Главарями бунта оказались: живший на покое архимандрит Саввина Звенигородского монастыря Никанор — человек книжный и характера твердого, казначей Геронтий, келарь Азарий и служка Фаддей. В деле о бунте сказано: «а все то пошло от архимандрита Никанора, казначея Геронтия, келаря Азария, да от Фадюшки Бородина». Тяжело было московскому правительству пустить в ход оружие против священных стен монастыря и потому тактически повели осаду, рассчитанную на то, чтобы взять бунтовщиков измором, и такая осада длилась целых 8 лет (!). Сменялись главнокомандующие, но цель ускользала из рук. Первому из командующих, Волохову в 1668 г., а затем Иевлеву в 1672 г. даны были инструкции: «потеснить», но не делать «приступа» и «не стрелять по ограде». Это блокада, а не осада и само снабжение монастыря, по-видимому, не прерывалось окончательно. Во всяком случае, запасы его были предусмотрительно собраны в весьма крупных размерах. Все амбары были полны хлебом. Было всего 90 пушек, 900 пудов пороху и множество снарядов — ядер. В 1670 г. бунтовщики первые начали стрельбу по царским войскам. Архимандрит Никанор ходил по стенам и башням, кропил святой водой и кадил пушки, говоря: «матушки голаночки, надежда у нас на вас. Вы нас обороните». Не все из братии были согласны решиться на артиллерийский бой. В числе их был и сам Геронтий. Но активисты взяли верх. Царские войска, однако, не стреляли. Блокада тянулась. Мятежники утомлялись. Приходилось им навинчивать настроение. В конце 1673 г. собрался монастырский собор. Постановлено: «за великого государя богомолье оставить». Иеромонахи и священники отказались это делать. Их бросили в тюрьму на голодовку. Началось внутреннее разложение. Стали увеличиваться перебежчики по льду в царский стан. От голодовки началась цинга. Умирали во множестве, без причастия. Хоронились без чинного отпевания. Наступал решительный момент. Из Москвы от царя пришел приказ: «искоренить мятеж». Мещерский приступил к тесному обложению и осадным работам. Перебежчик, старец Феоктист, указал воеводе секретный ход в калитку у белой башни. Войско проникло внутрь ночью 22 января 1676 г.
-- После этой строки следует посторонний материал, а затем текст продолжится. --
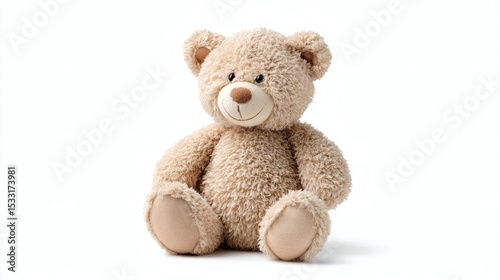 A fluffy tan teddy bear sits upright against a white background, its friendly smile conveying warmth and comfort, like a loyal companion.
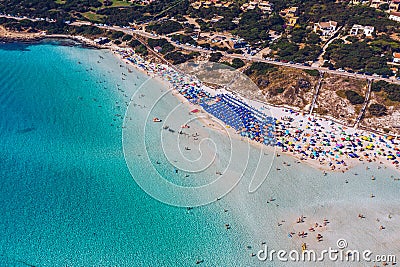 Stunning aerial view of Pelosa Beach (Spiaggia Della Pelosa). Stintino, Sardinia, Italy. La Pelosa beach, Sardinia, Italy. La Stock Photo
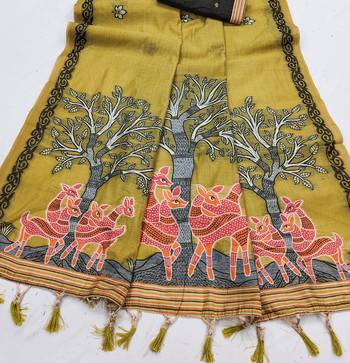 olive designer soft cotton saree with blouse 3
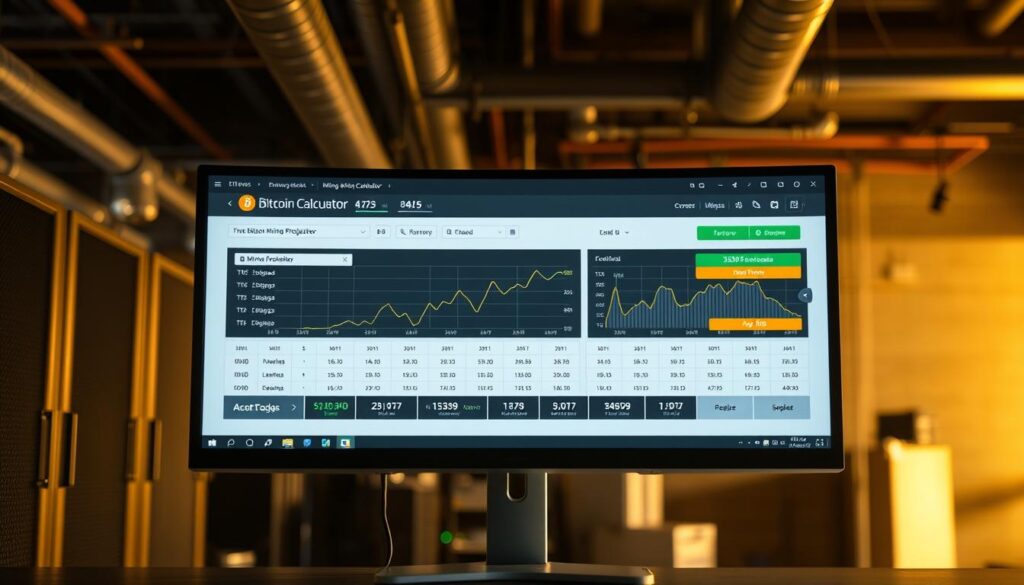 A professional and sleek-looking bitcoin mining calculator displayed on a high-resolution computer monitor, set against a backdrop of a dimly lit, industrial-style room. The calculator interface features clear, intuitive controls and dynamic graphs showcasing mining profitability projections. The overall scene conveys a sense of technological sophistication and financial analysis, suitable for illustrating a section on cryptocurrency mining profitability.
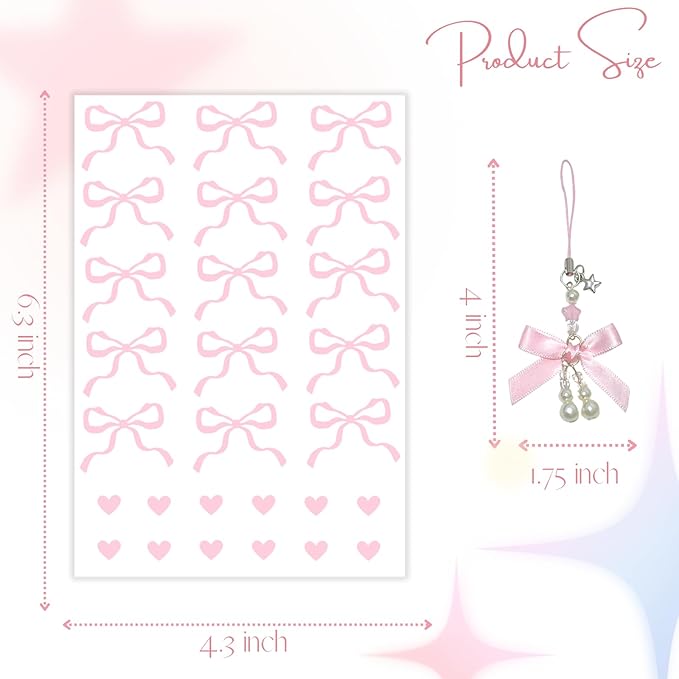 Bows Stickers for Custom Owala Accessories, Heart Decals Transfer Stickers for Water Bottles, Bows Pearl Charms for Owala (Pink)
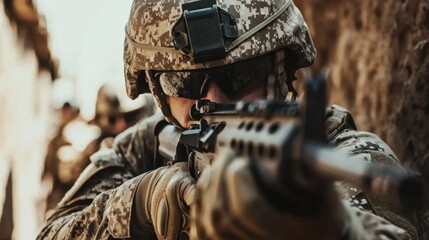 Fototapeta premium A soldier is holding a rifle and wearing a helmet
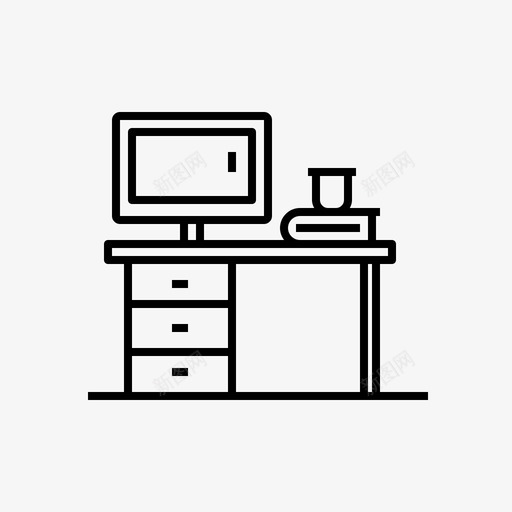 电脑桌办公室项目图标svg_新图网 https://ixintu.com 办公室 多功能图标 工作区 电脑桌 项目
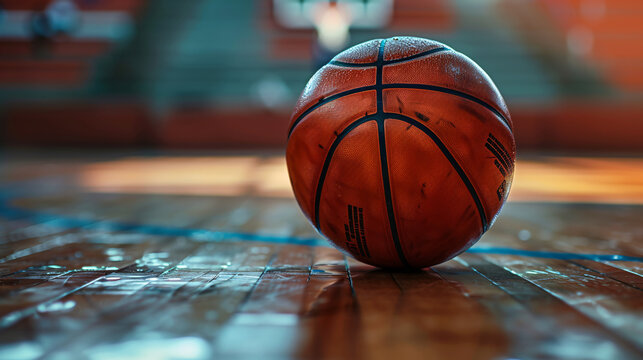 A basketball on a wooden floor.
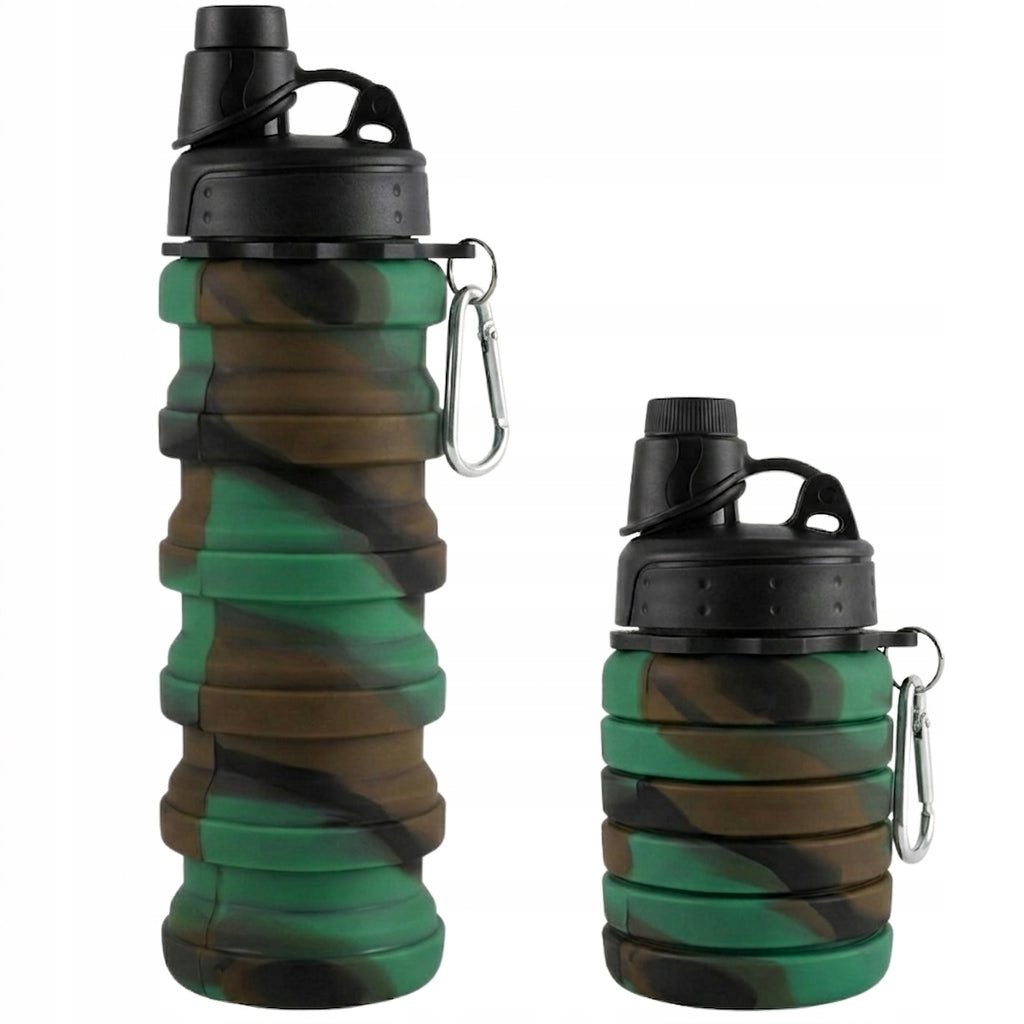 Water Bottle FOLDING Silicone Water Bottle Folding Travel 500 MILITARY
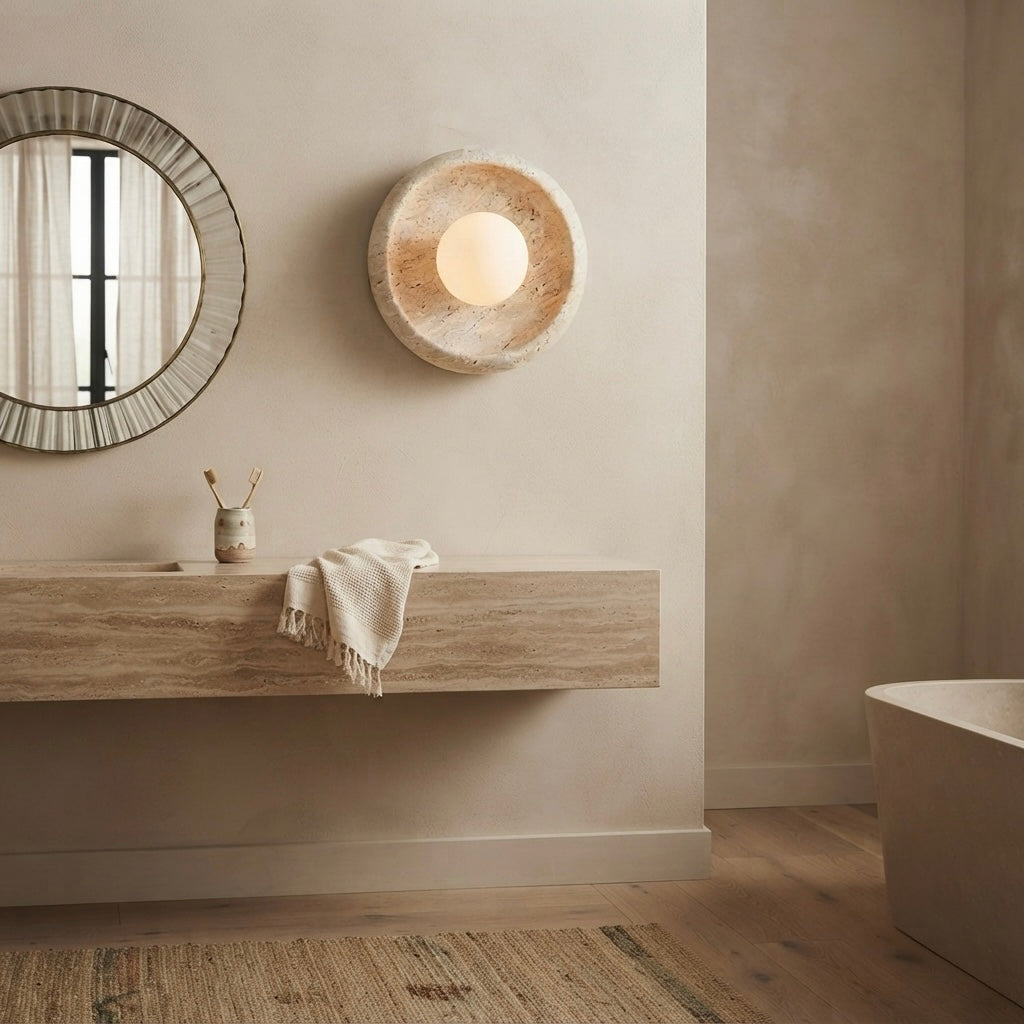Rei, Modern, Stone, Sconce, Zen, Luxury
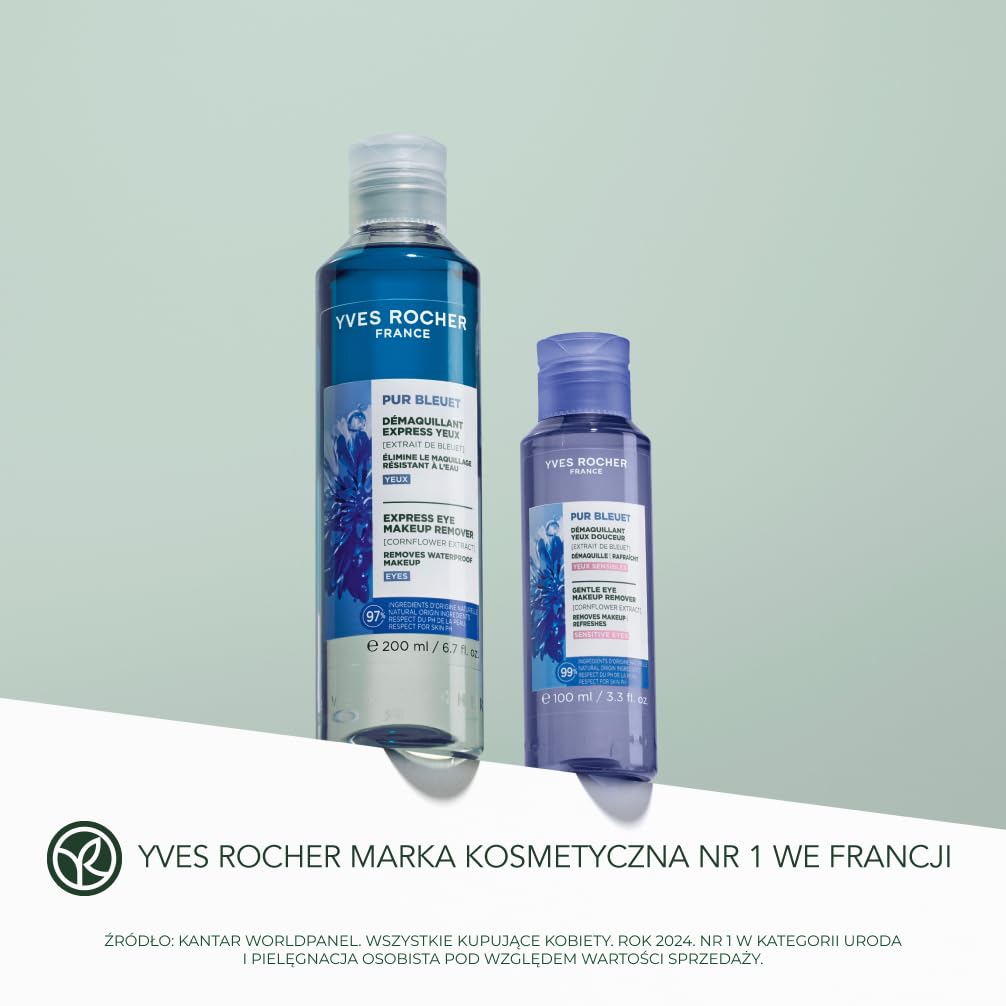 Yves Rocher Pur Bleuet dwufazowy płyn do demakijażu oczu oil-water z organicznym bławatkiem – Skutecznie usuwa makijaż wodoodporny i koi skórę – Delikatny dla wrażliwych oczu – 200 ml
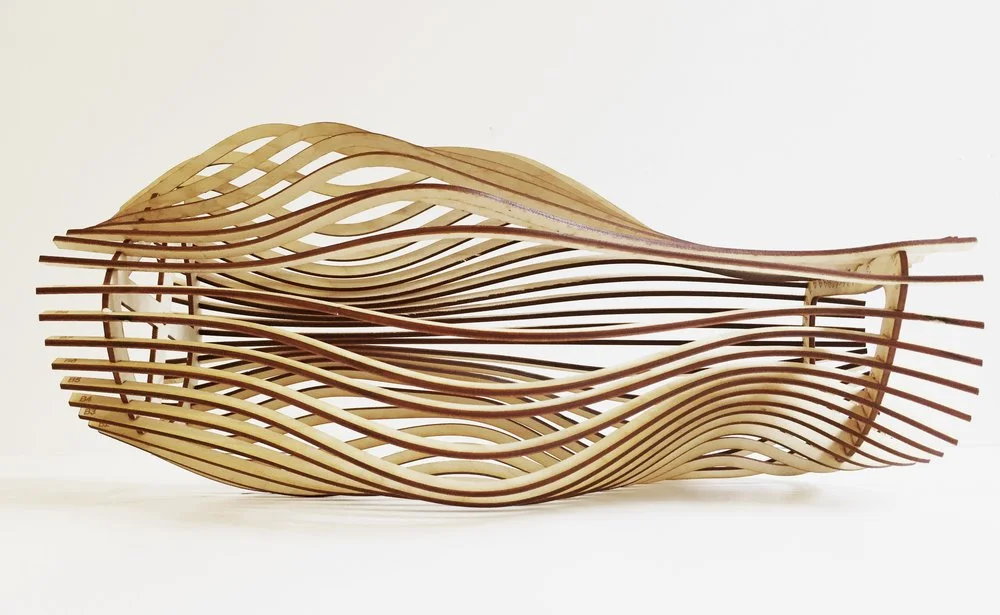 Wood slat model, laying down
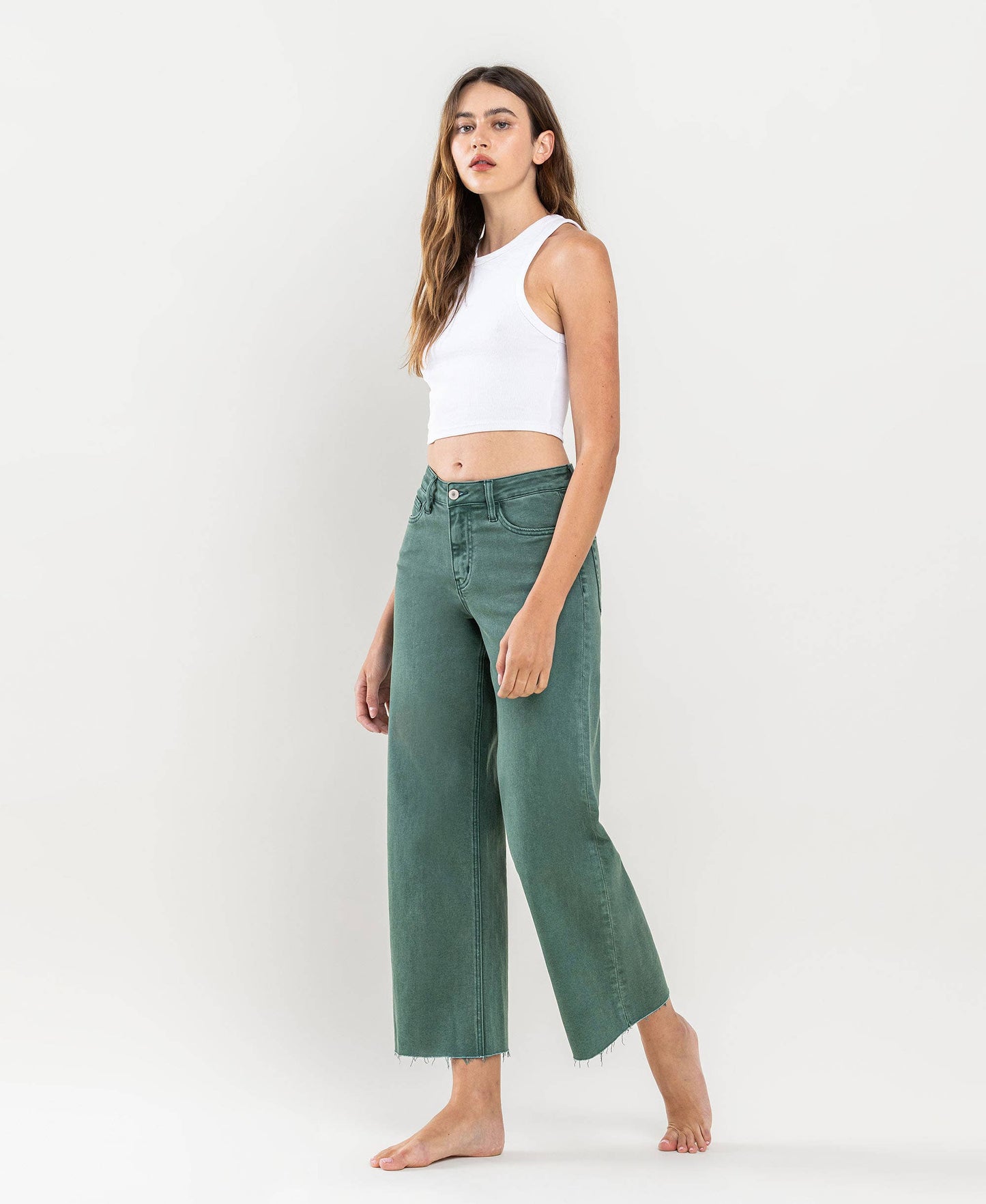 HIGH RISE CROP WIDE LEG JEANS MALLARD GREEN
Военная победа не изменила духовной атмосферы севера. Во время осады вереницы богомольцев, возвращавшихся безуспешно от стен осажденного монастыря, были повсюду пропагандистами о страдающем благочестии и нечестии царя. 29-го января 1676 г., как раз после победы, скончался царь Алексей. Поползла легенда, что перед смертью царь «познал» свое «преступление» и посылал приказ — отступить. Да было уже поздно. Побежденные монахи прославлялись, как «новые страстотерпцы, преподобномученики».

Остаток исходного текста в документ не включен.